Drop the images, then output the listing exactly.

Given material:

-------

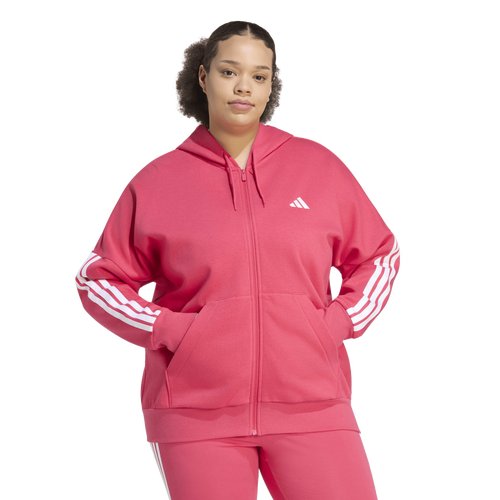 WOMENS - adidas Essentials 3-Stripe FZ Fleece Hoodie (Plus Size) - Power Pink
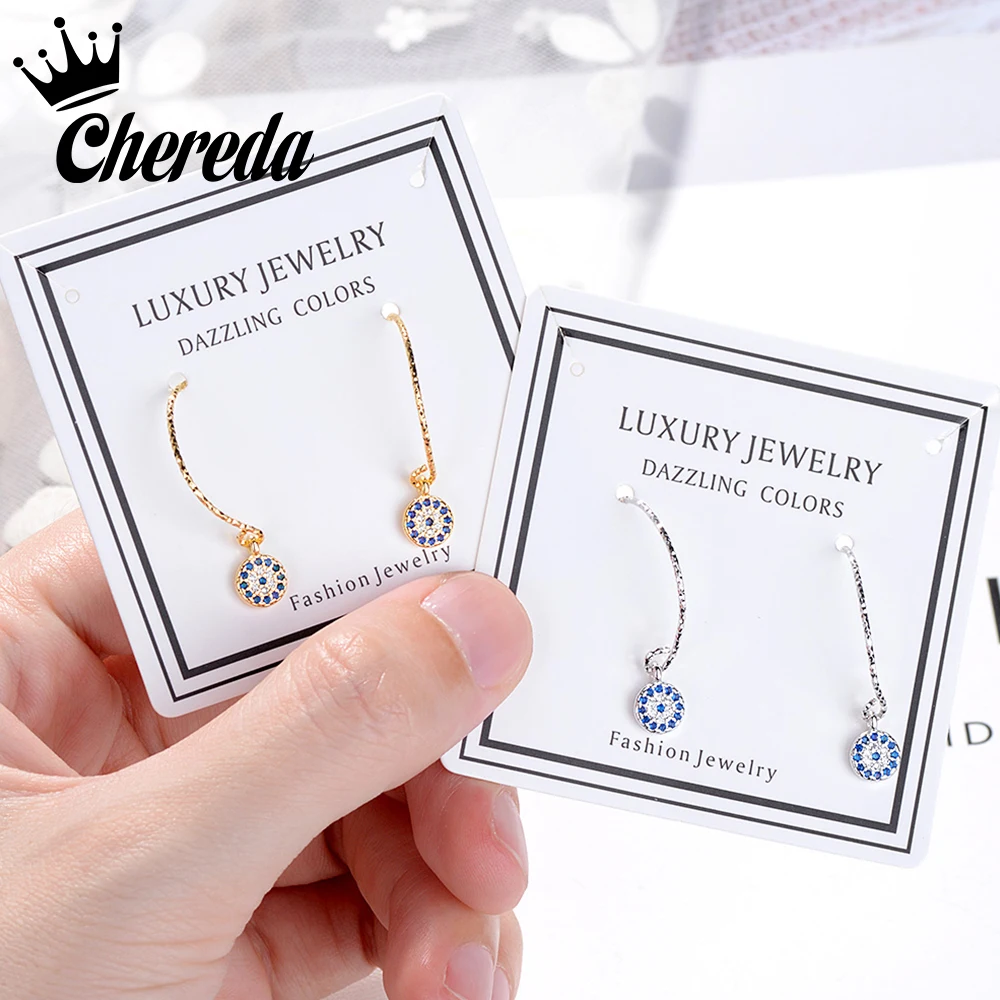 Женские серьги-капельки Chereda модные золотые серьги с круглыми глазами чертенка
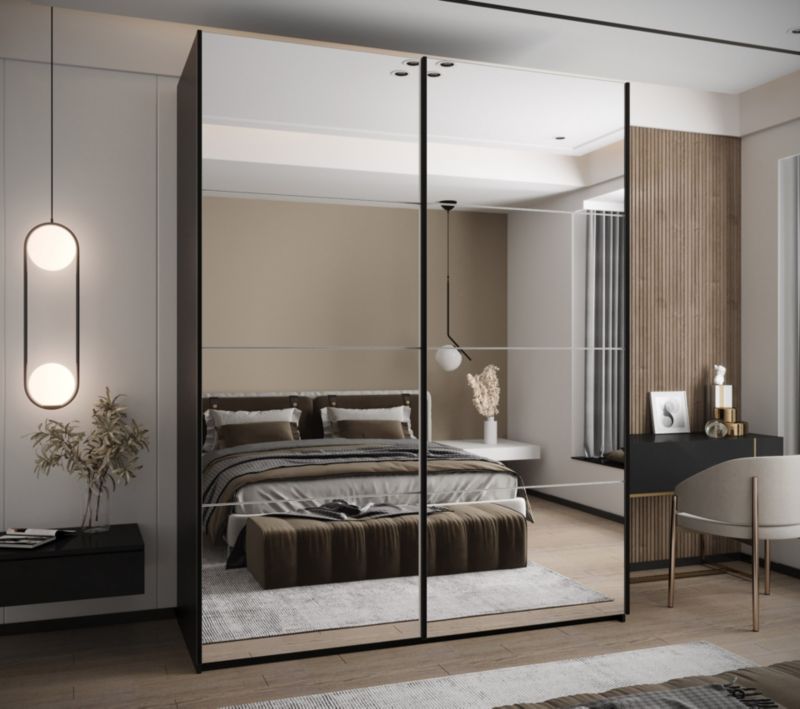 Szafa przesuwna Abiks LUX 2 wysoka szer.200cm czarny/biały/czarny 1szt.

-------

The completed task:
 WOMENS - adidas Essentials 3-Stripe FZ Fleece Hoodie (Plus Size) - Power Pink
 Женские серьги-капельки Chereda модные золотые серьги с круглыми глазами чертенка
 Szafa przesuwna Abiks LUX 2 wysoka szer.200cm czarny/biały/czarny 1szt.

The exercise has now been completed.